Reia offers a solution to this problem with its objects-as-actors approach: all actor-objects speak a common protocol, the "Object" protocol, and above that, they speak whatever methods belong to their class. Objects implicitly participate in the same actor protocol, because they all inherit the same behavior from their common ancestor.
Scala's actors... well... if you
!? them a message they aren't explicitly hardcoded to understand (and yes nitpickers, common behaviors can be abstracted into functions) they will ?! at your message and ignore it.
Two kinds of actors?
One of the biggest strengths of the Erlang VM is its approach to lightweight concurrency. The Erlang VM was designed from the ground up so you don't have to be afraid of creating a large number of Erlang processes (i.e. actors). Unlike the JVM, the Erlang VM is stackless and therefore much better at lightweight concurrency. Erlang's VM also has advanced mechanisms for load balancing its lightweight processes across CPU cores. The result is a system which lets you create a large number of actors, relying on the Erlang virtual machine to load balance them across all the available CPU cores for you.
Because the JVM isn't stackless and uses native threads as its concurrency mechanism, Scala couldn't implement Erlang-style lightweight concurrency, and instead compromises by implementing two types of actors. One type of actor is based on native threads. However, native threads are substantially heavier than a lightweight Erlang process, limiting the number of thread-based actors you can create in Scala as compared to Erlang. To address this limitation, Scala implements its own form of lightweight concurrency in the form of event-based actors. Event-based actors do not have all the functionality of thread-based actors but do not incur the penalty of needing to be backed by a native thread.
Should you use a thread-based actor or an event-based actor in your Scala program? This is a case of implementation details (namely the JVM's lack of lightweight concurrency) creeping out into the language design. Projects like
Kilim are trying to address lightweight concurrency on the JVM, and hopefully Scala will be able to leverage such a project in the future as the basis of its actor model and get rid of the threaded/evented gap, but for now Scala makes you choose.
Scala leaves you with three similar, overlapping constructs to choose from when modeling state, identity, and concurrency in programs: objects, event-based actors, and thread-based actors. Which should you choose?
Reia provides both objects and actors, but actors are there for edge cases and intended to be used almost exclusively by advanced programmers. Reia introduces a number of asynchronous concepts into its object model, and for that reason objects alone should suffice for most programmers, even when writing concurrent programs.

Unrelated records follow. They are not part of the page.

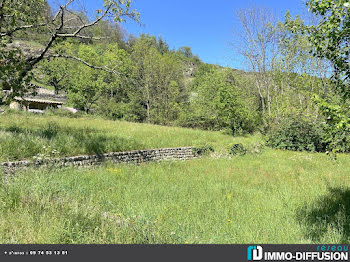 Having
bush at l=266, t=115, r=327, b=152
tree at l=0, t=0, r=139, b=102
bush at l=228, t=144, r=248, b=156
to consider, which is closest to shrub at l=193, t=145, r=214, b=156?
bush at l=228, t=144, r=248, b=156

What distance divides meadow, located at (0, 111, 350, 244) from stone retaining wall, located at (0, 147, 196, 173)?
0.46 metres

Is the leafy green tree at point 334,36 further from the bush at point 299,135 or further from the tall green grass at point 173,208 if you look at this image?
the bush at point 299,135

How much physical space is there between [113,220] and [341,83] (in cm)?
466

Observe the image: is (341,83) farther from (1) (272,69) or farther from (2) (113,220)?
(1) (272,69)

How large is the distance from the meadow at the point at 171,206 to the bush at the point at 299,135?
746 centimetres

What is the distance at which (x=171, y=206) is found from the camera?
5.21m

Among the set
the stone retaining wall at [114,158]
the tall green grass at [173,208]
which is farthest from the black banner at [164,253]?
the stone retaining wall at [114,158]

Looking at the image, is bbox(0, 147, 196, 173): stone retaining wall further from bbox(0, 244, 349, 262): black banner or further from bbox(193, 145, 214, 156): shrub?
bbox(0, 244, 349, 262): black banner

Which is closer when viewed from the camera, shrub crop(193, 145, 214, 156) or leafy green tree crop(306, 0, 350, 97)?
leafy green tree crop(306, 0, 350, 97)

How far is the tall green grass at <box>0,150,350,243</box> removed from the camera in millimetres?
3270

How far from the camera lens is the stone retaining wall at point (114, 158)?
22.6 ft

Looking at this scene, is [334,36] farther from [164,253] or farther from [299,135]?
[299,135]

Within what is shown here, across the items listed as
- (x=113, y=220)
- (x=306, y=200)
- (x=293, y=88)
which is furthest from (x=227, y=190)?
(x=293, y=88)

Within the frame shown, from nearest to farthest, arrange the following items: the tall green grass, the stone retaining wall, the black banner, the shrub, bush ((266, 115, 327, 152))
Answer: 1. the black banner
2. the tall green grass
3. the stone retaining wall
4. the shrub
5. bush ((266, 115, 327, 152)) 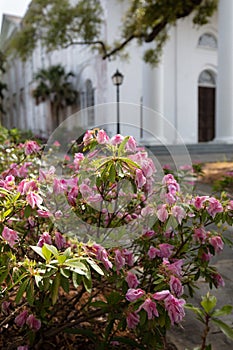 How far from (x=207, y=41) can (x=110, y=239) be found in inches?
727

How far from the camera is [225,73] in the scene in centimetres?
1158

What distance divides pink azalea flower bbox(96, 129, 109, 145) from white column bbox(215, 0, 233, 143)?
11.2m

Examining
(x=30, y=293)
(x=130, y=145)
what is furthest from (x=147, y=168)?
(x=30, y=293)

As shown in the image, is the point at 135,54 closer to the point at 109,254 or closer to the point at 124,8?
the point at 124,8

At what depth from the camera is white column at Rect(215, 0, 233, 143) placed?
37.2 ft

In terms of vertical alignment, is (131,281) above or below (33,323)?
above

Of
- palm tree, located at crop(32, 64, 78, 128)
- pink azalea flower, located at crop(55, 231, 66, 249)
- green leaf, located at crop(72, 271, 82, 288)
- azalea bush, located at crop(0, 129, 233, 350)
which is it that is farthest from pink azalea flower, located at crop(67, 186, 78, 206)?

Advantages of Scala's approach
Reia's approach comes with a number of disadvantages, despite the theoretical benefits I've outlined above. For starters, Scala is a language built on the JVM, which is arguably the best language virtual machine available. Scala's sequential performance tops Erlang even if its performance in concurrent benchmarks typically lags behind.
Reia's main disadvantage is that its object model does not work like any other language in existence, unless you consider Erlang's approach an "object model". Objects, being a shared-nothing, individually garbage collected Erlang process, are much heavier (approximately 300 machine words at minimum) than objects in your typical object oriented language (where I hear some runtimes offer zero overhead objects, or something). Your typical "throw objects at the problem" programmer is going to build a system, and the more objects that are involved the more error prone it's going to become. Reia is a language which asks you to sit back for a second and ponder what can be modeled as possibly nested structures of lists, tuples, and maps instead of objects.

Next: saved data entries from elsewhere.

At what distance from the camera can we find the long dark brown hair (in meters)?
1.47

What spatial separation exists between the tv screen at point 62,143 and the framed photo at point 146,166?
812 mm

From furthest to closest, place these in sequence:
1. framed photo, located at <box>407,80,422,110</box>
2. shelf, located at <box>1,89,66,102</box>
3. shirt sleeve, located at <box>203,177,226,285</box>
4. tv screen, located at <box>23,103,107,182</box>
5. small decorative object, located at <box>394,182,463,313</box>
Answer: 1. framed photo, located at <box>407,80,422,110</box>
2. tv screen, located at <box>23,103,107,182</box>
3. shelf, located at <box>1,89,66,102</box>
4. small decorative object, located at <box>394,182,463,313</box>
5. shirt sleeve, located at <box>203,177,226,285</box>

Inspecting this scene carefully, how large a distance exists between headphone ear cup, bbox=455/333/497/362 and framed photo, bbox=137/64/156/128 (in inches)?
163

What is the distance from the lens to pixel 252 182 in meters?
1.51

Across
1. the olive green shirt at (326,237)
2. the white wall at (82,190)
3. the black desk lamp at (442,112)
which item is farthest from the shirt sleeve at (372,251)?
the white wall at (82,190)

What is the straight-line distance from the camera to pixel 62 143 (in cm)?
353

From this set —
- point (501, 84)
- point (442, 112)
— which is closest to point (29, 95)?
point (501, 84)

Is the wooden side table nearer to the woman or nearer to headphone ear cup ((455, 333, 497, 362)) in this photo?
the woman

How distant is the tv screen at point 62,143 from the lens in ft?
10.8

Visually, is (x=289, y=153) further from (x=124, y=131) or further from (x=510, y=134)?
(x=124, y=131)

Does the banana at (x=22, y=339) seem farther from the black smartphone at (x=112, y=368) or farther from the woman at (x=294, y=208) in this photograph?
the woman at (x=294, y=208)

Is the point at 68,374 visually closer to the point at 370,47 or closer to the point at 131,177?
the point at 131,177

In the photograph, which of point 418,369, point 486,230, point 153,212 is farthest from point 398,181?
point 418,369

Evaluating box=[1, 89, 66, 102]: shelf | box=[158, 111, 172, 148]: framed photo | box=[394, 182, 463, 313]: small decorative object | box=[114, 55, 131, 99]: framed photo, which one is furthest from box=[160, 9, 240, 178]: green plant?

Reia does not allow cyclical call graphs, meaning that an object receiving a call cannot call another object earlier in the call graph. Instead, objects deeper in the call graph must interact with any previously called objects asynchronously. If your head is spinning now I don't blame you, and if you do understand what I'm talking about I cannot offer any solutions. Reia's call graphs must be acyclic, and I have no suggestions to potential Reia developers as to how to avoid this problem, besides being aware of the call flow and ensuring that all "back-calls" are done asynchronously. Cyclic call graphs result in a deadlock, one which can presently only be detected through timeouts, and remain a terrible pathological case. I really wish I could offer a better solution and I am eager if anyone can help me find a solution. This is far and away the biggest problem I have ever been faced with in Reia's object model and I am sad to say I do not have a good solution.
All that said, Scala's solution is so beautifully familiar! It works with the traditional OOP semantics of C++ which were carried over into Java, and this is what most OOP programmers are familiar with. I sometimes worry that the approach to OOP I am advocating in Reia will be rejected by developers who are familiar with the C++-inspired model, because Reia's approach is more complex and more confusing.

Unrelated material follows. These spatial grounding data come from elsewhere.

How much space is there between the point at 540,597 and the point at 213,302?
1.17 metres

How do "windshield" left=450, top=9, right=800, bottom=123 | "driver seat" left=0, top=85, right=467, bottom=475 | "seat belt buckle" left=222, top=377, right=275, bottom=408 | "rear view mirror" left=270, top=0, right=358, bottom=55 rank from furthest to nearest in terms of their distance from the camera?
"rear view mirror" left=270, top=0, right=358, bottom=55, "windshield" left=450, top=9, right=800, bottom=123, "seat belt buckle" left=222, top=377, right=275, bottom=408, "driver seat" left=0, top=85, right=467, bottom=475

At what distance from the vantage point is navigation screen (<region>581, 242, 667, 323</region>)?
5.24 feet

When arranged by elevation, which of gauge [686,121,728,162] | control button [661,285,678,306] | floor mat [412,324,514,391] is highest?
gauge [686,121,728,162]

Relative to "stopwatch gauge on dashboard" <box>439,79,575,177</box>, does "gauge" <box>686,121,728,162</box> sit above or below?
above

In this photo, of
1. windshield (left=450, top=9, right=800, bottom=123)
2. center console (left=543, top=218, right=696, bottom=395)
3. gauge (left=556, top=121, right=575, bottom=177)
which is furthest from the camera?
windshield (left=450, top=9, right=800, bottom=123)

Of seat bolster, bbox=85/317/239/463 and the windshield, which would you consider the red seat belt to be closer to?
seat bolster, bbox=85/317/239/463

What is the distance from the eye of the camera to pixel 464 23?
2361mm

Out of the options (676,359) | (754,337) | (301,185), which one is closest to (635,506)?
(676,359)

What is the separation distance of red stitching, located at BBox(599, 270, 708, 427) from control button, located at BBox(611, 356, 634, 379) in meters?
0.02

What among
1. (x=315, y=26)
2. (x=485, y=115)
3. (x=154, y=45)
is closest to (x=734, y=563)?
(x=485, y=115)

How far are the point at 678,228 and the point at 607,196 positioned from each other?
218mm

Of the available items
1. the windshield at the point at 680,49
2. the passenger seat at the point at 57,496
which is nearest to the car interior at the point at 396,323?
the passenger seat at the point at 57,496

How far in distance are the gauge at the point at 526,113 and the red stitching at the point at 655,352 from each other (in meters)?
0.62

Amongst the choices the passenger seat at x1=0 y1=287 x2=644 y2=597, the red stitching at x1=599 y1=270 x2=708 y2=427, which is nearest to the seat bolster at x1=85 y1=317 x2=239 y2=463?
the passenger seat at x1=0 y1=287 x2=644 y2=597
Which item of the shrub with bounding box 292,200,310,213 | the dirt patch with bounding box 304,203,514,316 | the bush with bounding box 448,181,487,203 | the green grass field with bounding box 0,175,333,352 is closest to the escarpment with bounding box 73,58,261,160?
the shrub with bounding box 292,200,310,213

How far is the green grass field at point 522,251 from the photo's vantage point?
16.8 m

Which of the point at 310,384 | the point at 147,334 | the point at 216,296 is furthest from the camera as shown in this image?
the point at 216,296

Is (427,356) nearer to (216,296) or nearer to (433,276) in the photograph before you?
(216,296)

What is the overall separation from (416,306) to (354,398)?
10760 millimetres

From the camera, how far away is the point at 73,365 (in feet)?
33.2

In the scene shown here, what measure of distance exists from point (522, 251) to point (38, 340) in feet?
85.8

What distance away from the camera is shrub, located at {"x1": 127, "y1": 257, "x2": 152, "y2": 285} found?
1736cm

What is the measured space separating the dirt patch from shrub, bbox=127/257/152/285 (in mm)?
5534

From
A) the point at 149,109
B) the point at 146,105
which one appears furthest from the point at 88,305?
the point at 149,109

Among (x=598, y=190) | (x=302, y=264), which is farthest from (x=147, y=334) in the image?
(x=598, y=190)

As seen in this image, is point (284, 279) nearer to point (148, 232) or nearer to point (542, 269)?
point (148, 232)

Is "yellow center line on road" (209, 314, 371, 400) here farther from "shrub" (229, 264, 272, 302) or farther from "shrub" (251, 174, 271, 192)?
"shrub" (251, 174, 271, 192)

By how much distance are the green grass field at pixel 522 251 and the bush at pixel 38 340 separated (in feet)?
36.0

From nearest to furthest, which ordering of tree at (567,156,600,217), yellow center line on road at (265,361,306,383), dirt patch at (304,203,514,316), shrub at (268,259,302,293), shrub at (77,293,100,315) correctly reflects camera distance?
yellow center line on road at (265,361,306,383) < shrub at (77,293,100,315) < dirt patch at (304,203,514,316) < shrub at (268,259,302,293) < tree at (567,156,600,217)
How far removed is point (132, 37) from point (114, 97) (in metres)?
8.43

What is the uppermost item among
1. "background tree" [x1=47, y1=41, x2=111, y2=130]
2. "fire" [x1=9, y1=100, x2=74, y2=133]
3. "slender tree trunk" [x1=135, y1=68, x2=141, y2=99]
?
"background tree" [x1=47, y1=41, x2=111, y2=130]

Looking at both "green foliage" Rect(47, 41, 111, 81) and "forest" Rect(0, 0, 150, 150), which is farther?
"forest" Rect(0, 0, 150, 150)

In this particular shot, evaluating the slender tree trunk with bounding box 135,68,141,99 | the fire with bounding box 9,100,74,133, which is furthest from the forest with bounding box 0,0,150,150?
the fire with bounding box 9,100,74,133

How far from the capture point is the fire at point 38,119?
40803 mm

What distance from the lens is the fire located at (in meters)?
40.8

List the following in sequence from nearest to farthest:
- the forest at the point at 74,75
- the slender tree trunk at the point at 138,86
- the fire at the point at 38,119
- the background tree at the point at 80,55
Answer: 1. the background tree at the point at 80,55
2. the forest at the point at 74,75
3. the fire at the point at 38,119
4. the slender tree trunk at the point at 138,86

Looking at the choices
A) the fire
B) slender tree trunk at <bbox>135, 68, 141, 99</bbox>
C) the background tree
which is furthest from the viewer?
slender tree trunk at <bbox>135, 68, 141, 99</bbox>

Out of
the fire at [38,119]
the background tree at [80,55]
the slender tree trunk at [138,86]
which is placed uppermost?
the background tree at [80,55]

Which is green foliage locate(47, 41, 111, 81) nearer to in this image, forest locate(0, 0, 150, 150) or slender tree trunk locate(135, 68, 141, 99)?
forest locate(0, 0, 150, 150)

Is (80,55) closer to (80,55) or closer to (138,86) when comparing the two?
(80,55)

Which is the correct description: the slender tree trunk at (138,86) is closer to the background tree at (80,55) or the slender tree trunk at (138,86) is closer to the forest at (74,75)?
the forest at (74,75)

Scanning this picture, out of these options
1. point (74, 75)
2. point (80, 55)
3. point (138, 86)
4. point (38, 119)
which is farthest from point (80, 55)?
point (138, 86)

Furthermore, Scala's object model is not only familiar, it's extremely well-studied and well-optimized. The JVM provides immense capability to inline method calls, which means calls which span multiple objects can be condensed down to a single function call. This is because the Smalltalk-inspired illusion that these objects are receiving and sending messages is completely suspended, and objects are treated in C++-style as mere chunks of state, thus an inlined method call can act on many of them at once as if they were simple chunks of state. In Reia, all objects are concurrent, share no state, and can only communicate with messages. Inlining calls across objects is thoroughly impossible since sending messages in Reia is not some theoretical construct, it's what really happens and cannot simply be abstracted away into a function call which mutates the state of multiple objects. Each object is its own world and synchronizes with the outside by talking by sending other objects messages and waiting for their responses (or perhaps just sending messages to other objects then forgetting about it and moving on).
So why even bother?
Why even bother pursuing Reia's approach then, if it's more complex and slow? I think its theoretical purity offers many advantages. Synchronizing concurrency through the object model itself abstracts away a lot of complexity. Traditional object usage patterns in Reia (aside from cyclical call graphs) have traditional object behavior, but when necessary, objects can easily be made concurrent by using them asynchronously. Because of this, the programmer isn't burdened with deciding what parts of the system need to be sequential and what parts concurrent ahead of time. They don't need to rip out their obj.method() calls and replace them with WTFs!? when they need some part of the system they didn't initially anticipate to be concurrent. Programmers shouldn't even need to use actors directly unless they're implementing certain actor-specific behaviors, like FSMs (the 5% case Joe Armstrong was talking about).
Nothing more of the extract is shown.